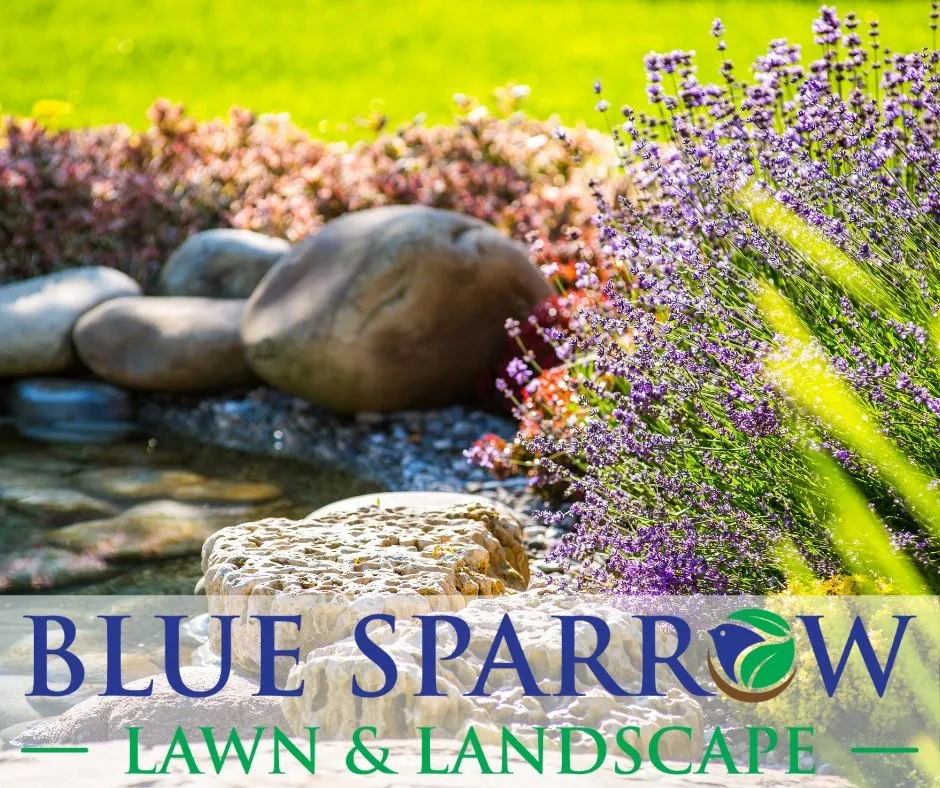 Reliable lawn mowing service in Excelsior Springs, MO by Blue Sparrow Lawn & Landscape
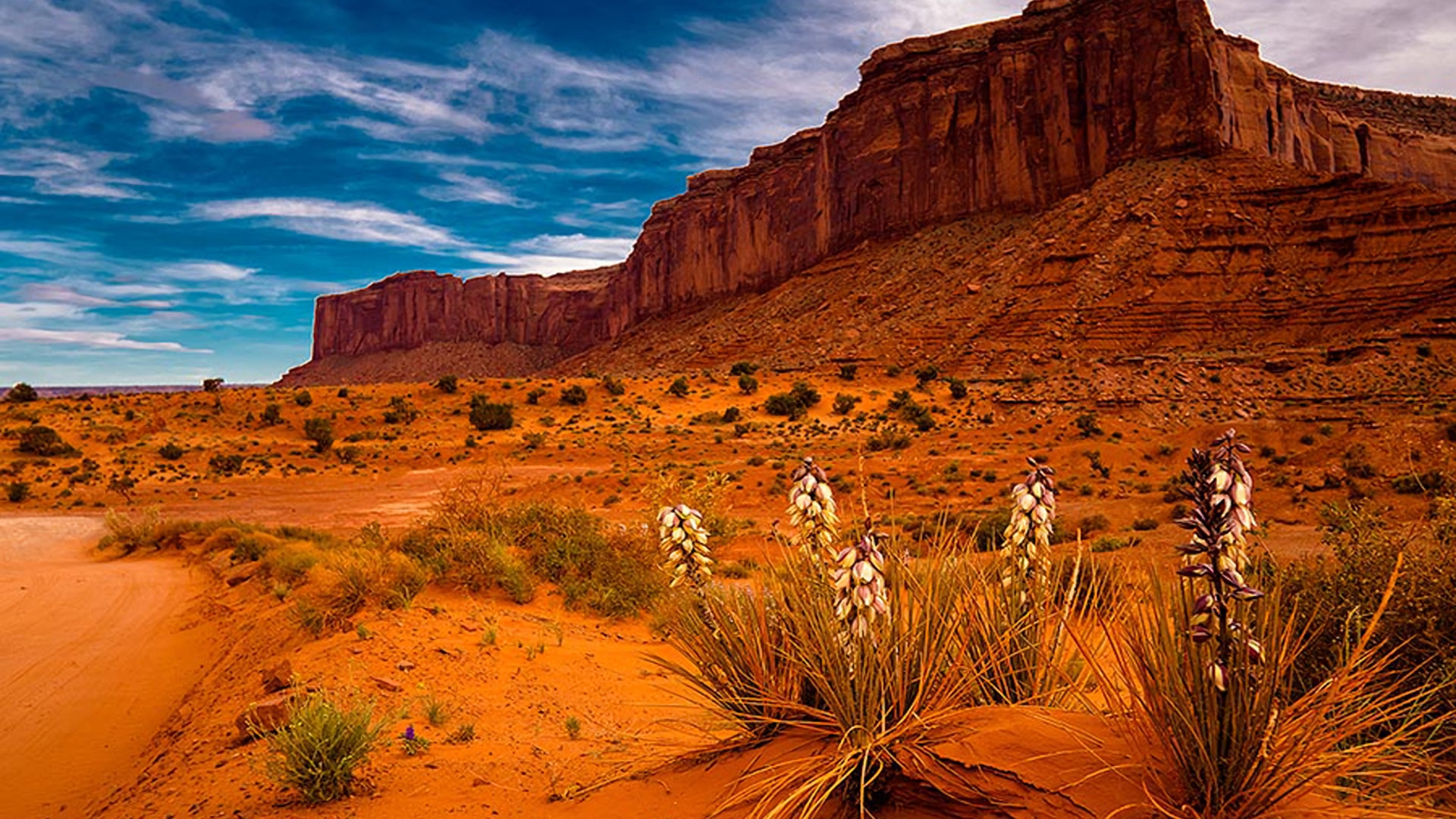 Скачать обои бесплатно Пустыня, Растение, Аризона, Земля/природа, Седона картинка на рабочий стол ПК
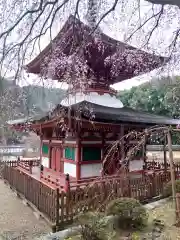 金剛寺の建物その他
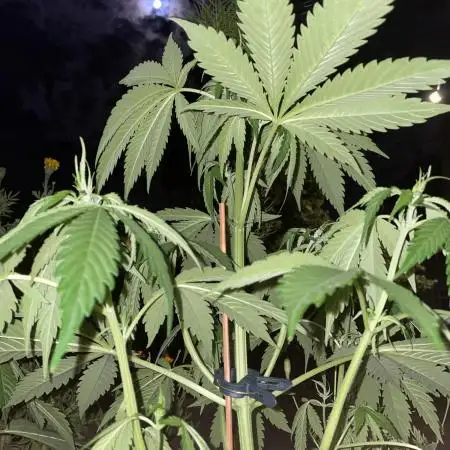 Divine Seeds Auto Fractal #2
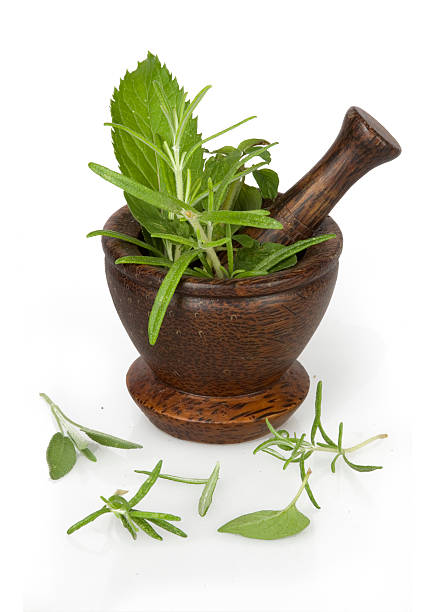 istock herbs with wooden mortar 146924931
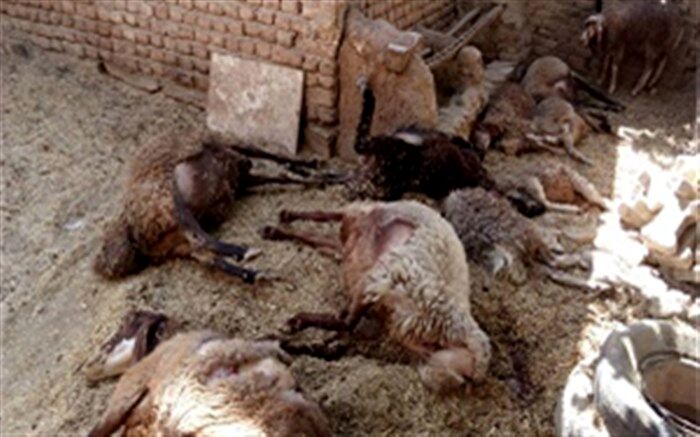 حمله گرگ گرسنه به گوسفندان در روستای علی آباد تقاب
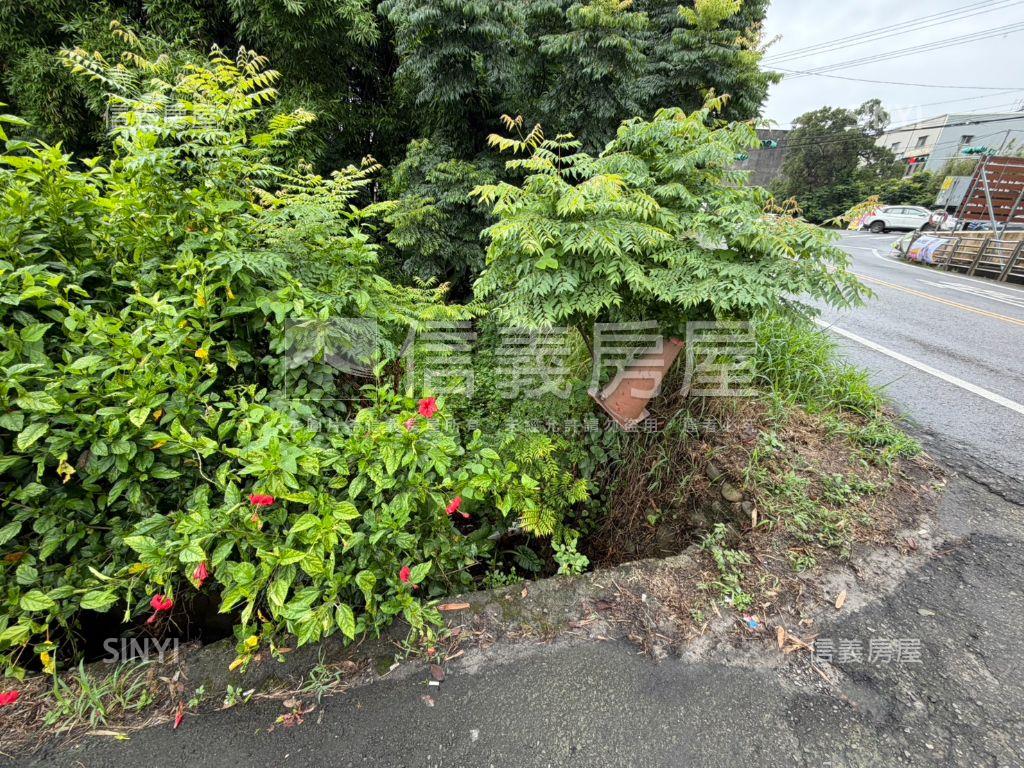忠愛莊低總價農地稀有釋出房屋室內格局與周邊環境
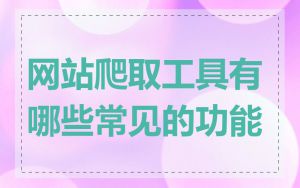 网站爬取工具有哪些常见的功能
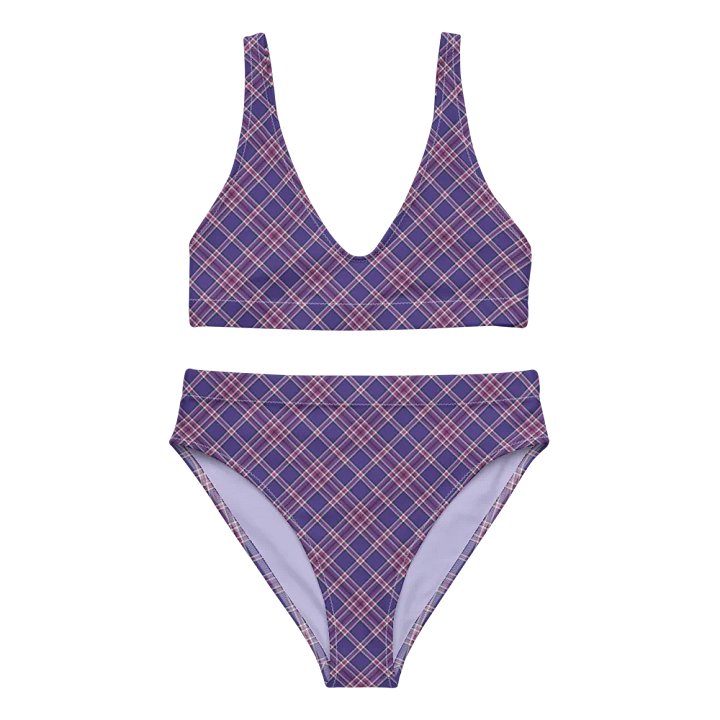 Purple Orchid and Violet Plaid Bikini product image (2)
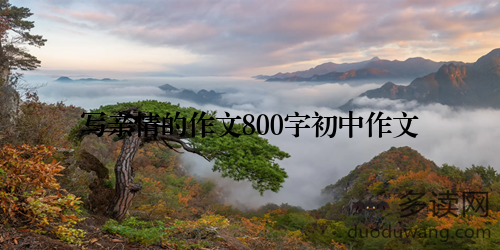 写亲情的作文800字初中作文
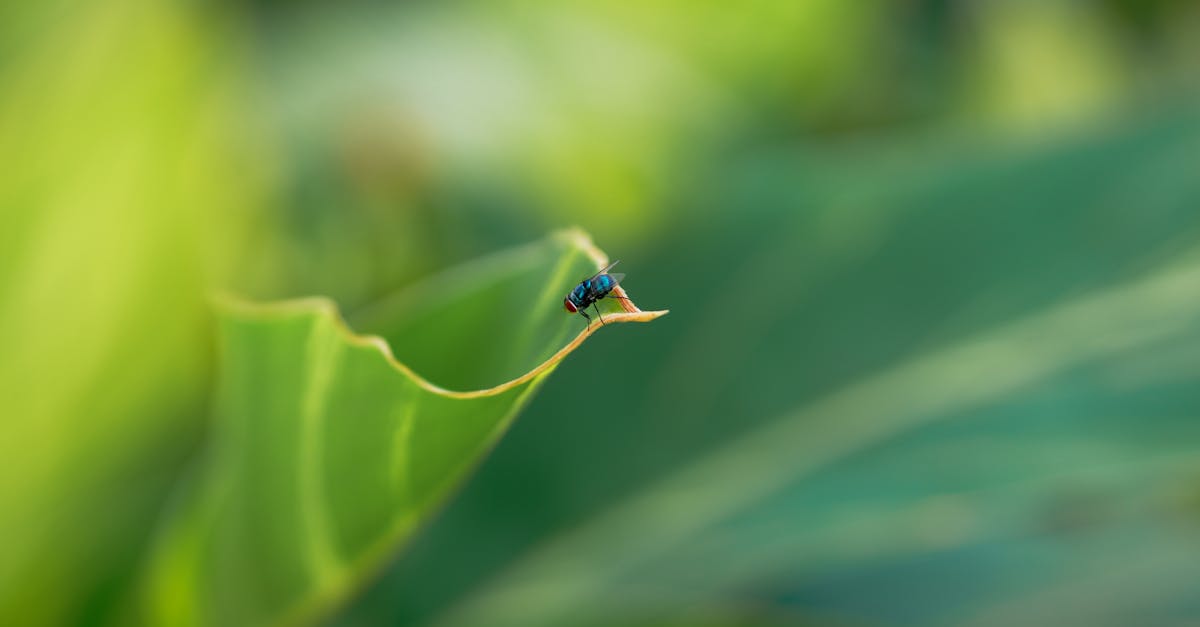 pest prevention for businesses, control services warranty
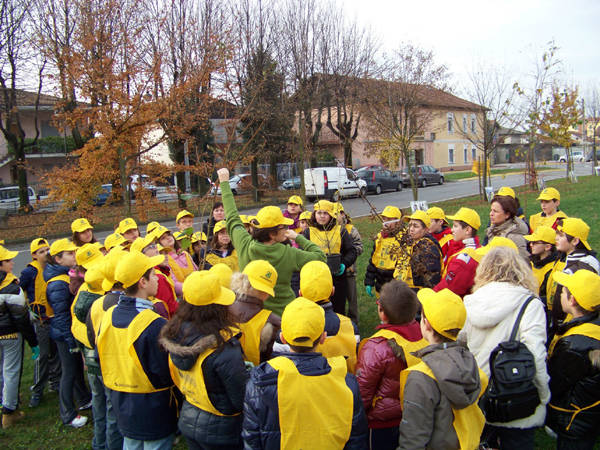 u201CMillofaggio Tradateseu201D: un albero simbolo d'amore (inserita in galleria)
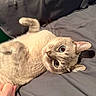 Theo is registered to the contest to win money with this photo: cat, pet, lying_down, bed, gray_bedspread, paw, hand, curious, wide_eyes, indoor, feline, whiskers, ears, fur, cute, playful, domestic_animal, resting, closeup, animal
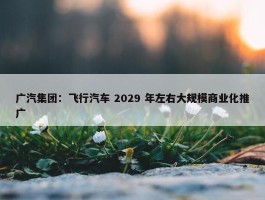 广汽集团：飞行汽车 2029 年左右大规模商业化推广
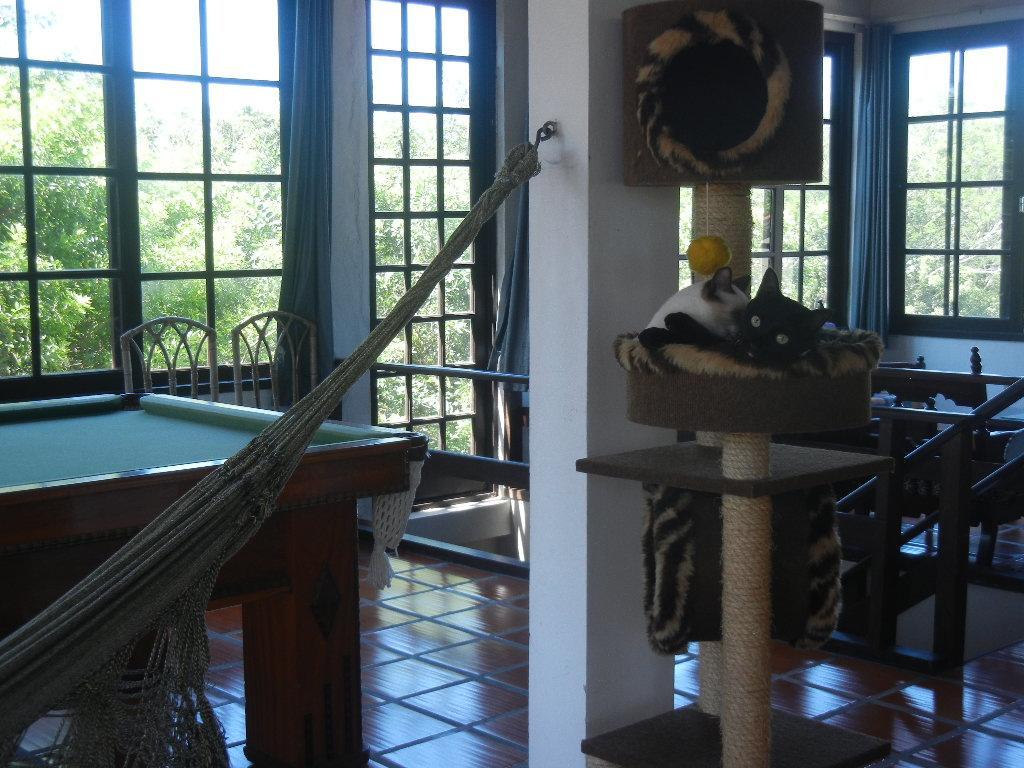 The Cats' House Hotell Florianópolis Exteriör bild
============================================================
# PROBLEM DETAILS:
Write each line exactly as it appears, from the line that holds "حمله گرگ گرسنه" through the closing line of the data above, and leave every picture out.

# EXERCISE RESPONSE:
 حمله گرگ گرسنه به گوسفندان در روستای علی آباد تقاب
忠愛莊低總價農地稀有釋出房屋室內格局與周邊環境
 网站爬取工具有哪些常见的功能
 Purple Orchid and Violet Plaid Bikini product image (2)
 写亲情的作文800字初中作文
 pest prevention for businesses, control services warranty
 u201CMillofaggio Tradateseu201D: un albero simbolo d'amore (inserita in galleria)
 Theo is registered to the contest to win money with this photo: cat, pet, lying_down, bed, gray_bedspread, paw, hand, curious, wide_eyes, indoor, feline, whiskers, ears, fur, cute, playful, domestic_animal, resting, closeup, animal
 广汽集团：飞行汽车 2029 年左右大规模商业化推广
 The Cats' House Hotell Florianópolis Exteriör bild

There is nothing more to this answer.